Monday, May 20th, 2013

Okay, so there hasn’t been an official IceCube press release on this, not until the paper finishes collaboration review and is posted on the Arxiv, but there have been some talks showing neutrino events observed by IceCube which are almost certainly astrophysical in origin. Short version, neutrino astronomy is now a real thing. We are observing the universe in photons (ever since we looked up at the night sky, and starting with Galileo with increasingly sophisticated instruments) and also in neutrinos (which travel undisturbed from deep within the astrophysical objects, reflecting the nuclear interactions deep within).

One of the over 5000 DOMs (Digital Optical Modules) which make up the IceCube Observatory being deployed into the ice.

There’s a nice Gizmodo article with interesting comments.

University of Wisconsin news item.

Phys.org coverage of the news item.

The BBC news article.

Nature blog entry.

New Scientist entry written by our friend Anil who got to visit IceCube during construction.

Since the middle of last week, the news are spread around and there are Russian, Spanish, and French language versions (at a minimum!) of the news.
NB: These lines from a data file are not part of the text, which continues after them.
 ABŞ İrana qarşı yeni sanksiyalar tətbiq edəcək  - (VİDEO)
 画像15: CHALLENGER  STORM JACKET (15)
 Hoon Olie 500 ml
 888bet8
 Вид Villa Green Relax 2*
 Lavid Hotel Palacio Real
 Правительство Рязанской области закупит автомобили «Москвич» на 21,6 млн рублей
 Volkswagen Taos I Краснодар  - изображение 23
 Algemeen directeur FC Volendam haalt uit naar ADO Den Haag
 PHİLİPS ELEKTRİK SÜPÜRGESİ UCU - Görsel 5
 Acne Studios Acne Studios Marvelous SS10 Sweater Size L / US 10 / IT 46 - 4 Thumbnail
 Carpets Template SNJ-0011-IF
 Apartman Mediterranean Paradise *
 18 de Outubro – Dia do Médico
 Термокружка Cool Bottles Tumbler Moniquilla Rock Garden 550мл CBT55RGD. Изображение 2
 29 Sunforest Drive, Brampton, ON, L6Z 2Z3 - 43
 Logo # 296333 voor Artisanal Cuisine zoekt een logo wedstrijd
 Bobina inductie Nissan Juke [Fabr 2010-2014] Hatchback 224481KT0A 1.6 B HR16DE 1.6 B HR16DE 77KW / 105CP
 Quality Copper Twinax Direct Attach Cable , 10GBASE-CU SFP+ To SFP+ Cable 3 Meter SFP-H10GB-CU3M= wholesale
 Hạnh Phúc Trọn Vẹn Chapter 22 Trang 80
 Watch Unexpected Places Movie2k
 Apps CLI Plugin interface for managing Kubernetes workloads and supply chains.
Previously, only the neutrinos from Supernova 1987A had been seen from beyond the sun and the Earth’s atmosphere. Analysis is still ongoing, so this isn’t a final result by any means, but it is a proof-of-functionality of the IceCube detector and of neutrino astronomy.

Addition:

Scientific American’s article includes good quotes from the three Wisconsin-Madison postdocs who led the analysis, Nathan, Claudio, and Naoko.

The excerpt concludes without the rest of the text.